# TOSlink for Samsung TV Content,and sound effects shuts off AVR



## bozobytes (Nov 23, 2008)

When I hooked up my TV on the wall, quite a few people told me all I needed was one HDMI from TVDisplay to the AVR. Anyone familiar with these new Samsungs know about the side USB for Flash Videos and MP3 playability, not to mention the onboard TV Content Library. I tried to play a flash drive full of Mp3's but nothing. I saw the progress meter of the song on the TV screen but no sound. (thinking anything sound wise from the TV and any Video would come from the one HDMI.)  

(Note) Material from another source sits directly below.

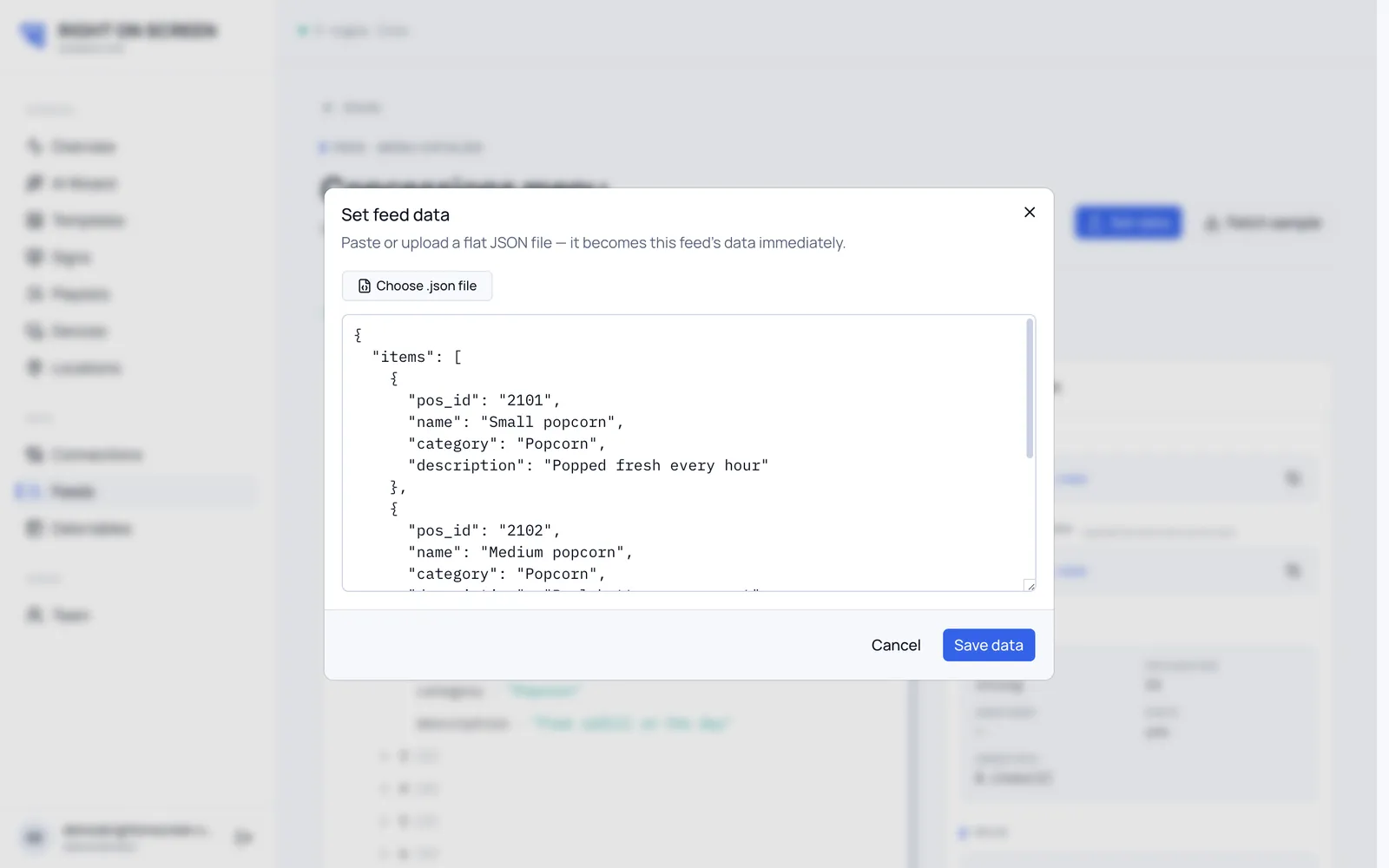 The Set feed data dialog with JSON pasted in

Does that mean I now have to remove the TV from the wall, and connect a TOS optical cable from the TV to the AVR receiver to get that extra sound from the flash drive connected to the TV?
__________________________________________________

On another wierd issue...and the first time this has happened. I'm watching a Non-blu-ray DVD of Tom Cruise's Valkyrie, and in the beginning sequence when he's walking away from the general, then they get attacked...I heard about three or four loud booms from some guns, which completely shut off my receiver. What causes that? I turned it back on and this happened two more times in a few loud sequences. The AVR audio mode was in Dolby PLIIx at the time. 
Samsung A750 / 
Yamaha 665 7.2 ch AVR /
Hsu research VT-12 6.1 speakers w/200w Sub
Time-Warner cable DVR


----------



## Sonnie (Apr 11, 2006)

Does the manual have anything about this? I have one myself, but I tell ya... I have not even looked into it yet. :huh:


----------